Get_Up Sample Code Questions

Question

Get_Up Sample Code Questions

Closed this issue 9 months ago · 1 comments

chance20210722 commented 9 months ago

In Get_Up.py, there is the following code

In line 198 "obs = np.zeros(6)", why should the parameter here be set to 6?
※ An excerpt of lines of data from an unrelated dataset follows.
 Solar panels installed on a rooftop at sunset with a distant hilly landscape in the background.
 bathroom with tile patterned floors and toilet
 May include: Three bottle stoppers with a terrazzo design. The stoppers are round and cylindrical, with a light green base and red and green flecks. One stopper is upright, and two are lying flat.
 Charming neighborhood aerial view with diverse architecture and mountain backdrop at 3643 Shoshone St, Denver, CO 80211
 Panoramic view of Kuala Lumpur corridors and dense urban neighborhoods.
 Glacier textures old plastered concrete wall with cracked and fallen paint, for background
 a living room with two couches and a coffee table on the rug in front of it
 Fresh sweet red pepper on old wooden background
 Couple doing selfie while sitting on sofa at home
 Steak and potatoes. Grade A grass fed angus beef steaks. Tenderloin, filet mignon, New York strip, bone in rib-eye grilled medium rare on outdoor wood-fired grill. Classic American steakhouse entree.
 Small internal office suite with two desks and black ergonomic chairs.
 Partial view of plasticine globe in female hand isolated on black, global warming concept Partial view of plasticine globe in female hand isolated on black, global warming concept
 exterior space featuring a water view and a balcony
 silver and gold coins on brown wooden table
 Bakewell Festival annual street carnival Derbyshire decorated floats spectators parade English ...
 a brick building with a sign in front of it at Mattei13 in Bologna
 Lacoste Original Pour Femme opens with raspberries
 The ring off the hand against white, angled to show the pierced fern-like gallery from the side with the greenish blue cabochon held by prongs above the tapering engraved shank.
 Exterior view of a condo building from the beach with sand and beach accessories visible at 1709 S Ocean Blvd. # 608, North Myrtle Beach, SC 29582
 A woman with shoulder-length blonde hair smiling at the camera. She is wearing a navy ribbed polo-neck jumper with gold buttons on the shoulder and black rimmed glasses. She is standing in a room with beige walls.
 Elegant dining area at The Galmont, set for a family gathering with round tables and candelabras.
Answer 1 · 2024-04-28T12:20:35.000Z

It's a bug. The '6' is a hardcoded length that worked for the Get Up example because each get up behavior has 6 time slots, but it makes no sense to hardcode that information. For context, the observations follow a one-hot encoding scheme. Here are the expected observations for each time step, considering a behavior with 6 time slots:

First, the Reset function is called:

t=0, obs=[1,0,0,0,0,0]

Then, the Step function is called successively:

t=1, action 1 is stored, obs=[0,1,0,0,0,0]
t=2, action 2 is stored, obs=[0,0,1,0,0,0]
t=3, action 3 is stored, obs=[0,0,0,1,0,0]
t=4, action 4 is stored, obs=[0,0,0,0,1,0]
t=5, action 5 is stored, obs=[0,0,0,0,0,1]
t=6, action 6 is stored, obs=(the observation at this step is irrelevant)

For the terminal step (t=6), the returned observation is not used by the learning algorithm. In the current implementation, I returned [0,0,0,0,0,0] or obs=np.zeros(6) as a dummy value. However, to allow behaviors with an arbitrary number of slots, it could be replaced by obs = self.obs[0]. I will fix this soon.